Wait, sorry. Can you go back?
O.J. Simpson was my biggest bet in history.
Can you explain to me what a parlay is?
Parlay is like, “Okay, you’re gonna bet on this horse, then …” It’s almost like the Daily Double, you bet on one horse, then you bet on the next horse. If you win that, you got to triple your bet in the next race, let’s say the third race, you’re betting on that, too. So you’re taking all the winnings and putting it on the next bet.
Okay, got it.
In other words, you’re doubling and then four times-ing. But, the kind of parlay [Howard is] playing, nobody’s gonna bet on this. He’s doing high points. I used to sit with John Salley. We used to talk about it because John’s as straight as an arrow. He’s one of my best friends. O.J. used to bet on things, O.J. was a big friend. Who knows who killed her? I loved O.J. I played golf with him. He was my foursome: Kardashian, O.J. and Bobby, who’s dead.

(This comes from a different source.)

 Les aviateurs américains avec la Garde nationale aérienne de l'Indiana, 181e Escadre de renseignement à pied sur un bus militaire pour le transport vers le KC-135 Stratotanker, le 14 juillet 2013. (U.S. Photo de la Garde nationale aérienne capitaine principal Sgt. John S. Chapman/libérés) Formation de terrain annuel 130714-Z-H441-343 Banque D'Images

Two of the guys are dead and the other’s eventually dead. I was friendly with the glove thing. I dined with him at Chow’s with my son. The lawyer, what’s his name?
Every time I think about him, I get tears. This was the nicest guy in the world.
The morning we spoke was the same day the Oscar nominations were announced. Uncut Gems was snubbed in every category. Diamond is furious; people his own age upset him. He likes the Safdies because they’re young, because they have ideas. “I like being with 25- to 45-year-old people. I don’t like old fucking people. They got nothing to teach me. Old people are just complaining all fucking day,” he says. (He declines to reveal his age.) “They all talk like, ‘Oh, how much money I make on the stock market.’ Fuck them. Tell me what else is going on, anything creative? You read anything new lately? Have you read any books? ‘No, no. I made a half a million dollars last week in the stock market.’ I don’t give a fuck, nobody gives a shit.”
Uncut Gems was a masterpiece, he says, and Sandler deserves every Oscar. “People under the age of 50 get this movie. But most people going to the movies are over 50. This is what the problem is,” he says. “Adam Sandler, for what he did in that movie, the guy really got punched in the face! He went through the fucking window in Nino’s! As a matter of fact, we’re having dinner tonight.”